Winter Birding

Even when there are no new birds to be seen or locales to visit, birding can give me great satisfaction, as two days this weekend demonstrated. On Friday, December 29, the day before Santa Barbara’s annual Christmas Bird Count (CBC), I took the noon-to-two Snowy Plover docent shift at Coal Oil Point. The beach had been altered by the storm and high tide the day before. Whether that was the cause or not, there was a concentration of white shore- and seabirds at the slough edge. I rarely find a Bonaparte’s Gull on my shift; this day there was a flock of ten, bobbing lightly on the water, black dots on their cheeks. A half-dozen Royal Terns was not unexpected, but still a treat. More surprising was a lone Forster’s Tern–not a rarity but a bird I hadn’t seen sitting on my beach before. The usual Snowy Plovers, Sanderlings, Semipalmated Plovers and Black-bellied Plovers were there in the hundreds, too numerous to accurately count. A Western Grebe, normally on the ocean, was floating by itself in the slough, and an American Pipit, an occasional sighting, was hustling back and forth along the beach. I walked up the Pond Trail to pick up some land birds for my daily count. The Blue Gray Gnatcatcher was there, as it was the week before, and this time, instead of four Cassin’s Kingbirds in the dead tree above there were fully a dozen, taking turns making sorties out over the pond. The big surprise, though, was two birds that aren’t supposed to be here in winter: a male Red-winged Blackbird, with bright red epaulet, flew into the reeds along the pond edge, and a Barn Swallow came racing over the pond, heading toward the ocean.
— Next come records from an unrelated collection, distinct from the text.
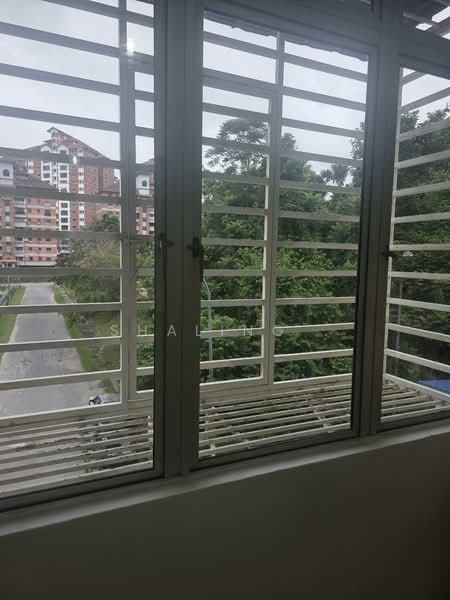 Pangsapuri untuk Dijual di Pangsapuri Adalia - Shaling . - PropertyGuru.com.my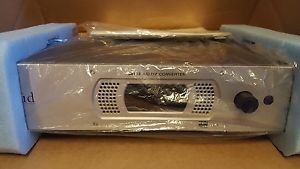 Lucid Audio 88192 A/D D/A converter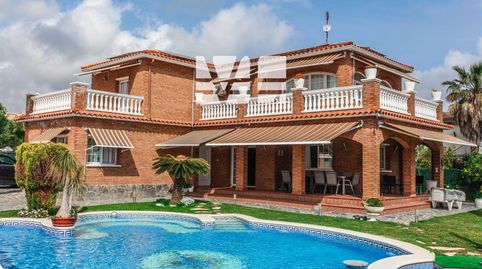 Encantador Chalet en Berà Mar  El Francaset Roda de Barà, imagen 2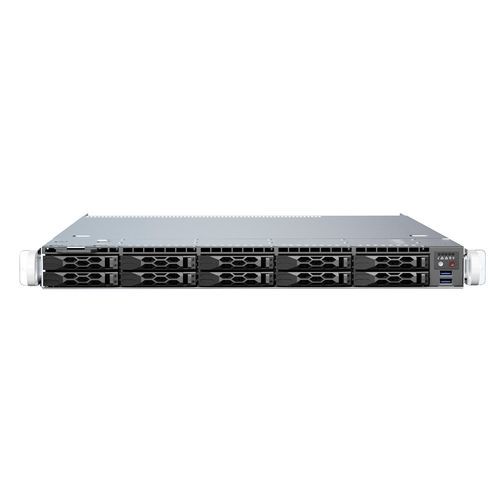 Case per PC per rack - LB16AC2-R504W - SUPERMICRO - 1U / per backplane / di stoccaggio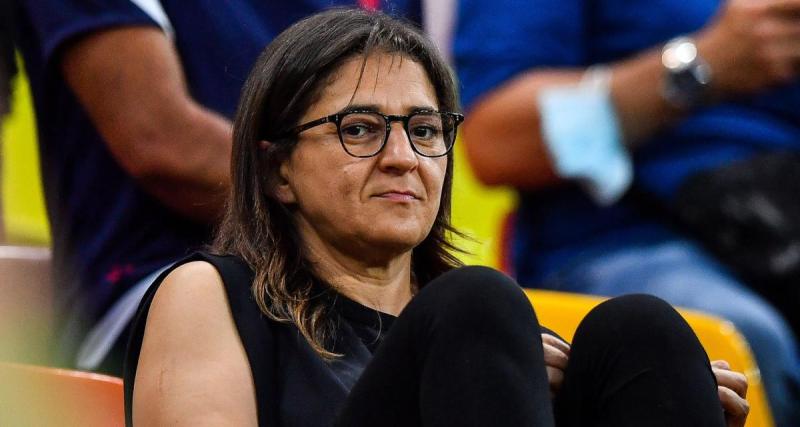  - PSG : la mère de Kylian Mbappé se lance dans un grand projet 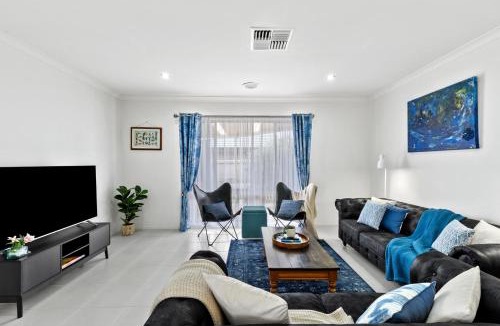 Curlewis House | Coastal House Curlewis Getaway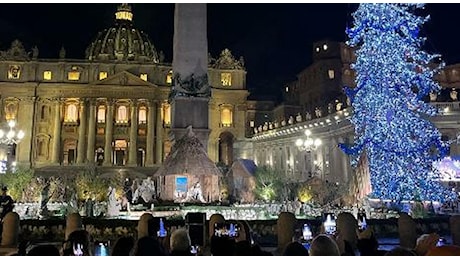 Eventi: Anzil, intero Fvg Ã¨ orgoglioso del magnifico presepe di Grado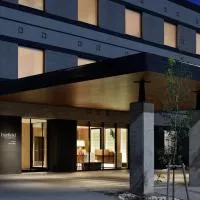 Fairfield by Marriott Kyoto Kyotamba, hotel u gradu 'Nantan city'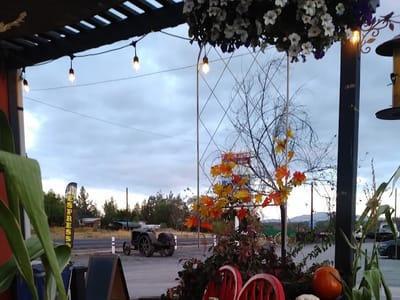 Java Rock of Terrebonne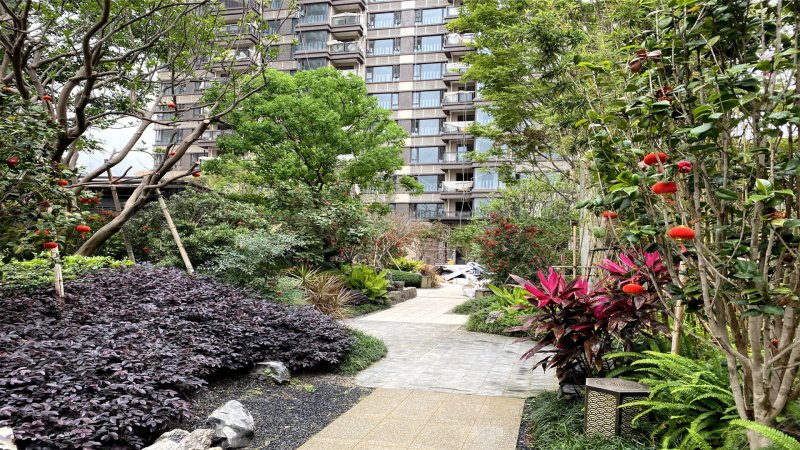 建发玺园,湖心路-珠海建发玺园二手房,租房,房价-珠海安居客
The latter proved a miss on the following day’s CBC, which is a pretty thorough canvass of the avian population.
The next day, Saturday December 30, I spent three hours at Westmont College, for the last ten years my “territory” for the Santa Barbara CBC. There are probably 25 species I regularly see, with up to another six that vary from year to year. This year was no exception, as I logged 27 birds from 7:30 to 9:30. For another hour I wandered back to my car through the main campus and was happy to belatedly pick up a Townsend’s Warbler, Bewick’s Wren and, near my parking lot, a White-breasted Nuthatch. Near the administration building I saw what looked like a common House Finch land 20 feet up in a leafless tree. On closer inspection I saw a strong line through its eye, which identified it as a female Purple Finch, a bird so far unreported on the count. A moment later a male Purple Finch, with a bright red crown and throat patch, took her place. 36 species on Friday, 31 on Saturday, but it was the individual surprises that made both days special.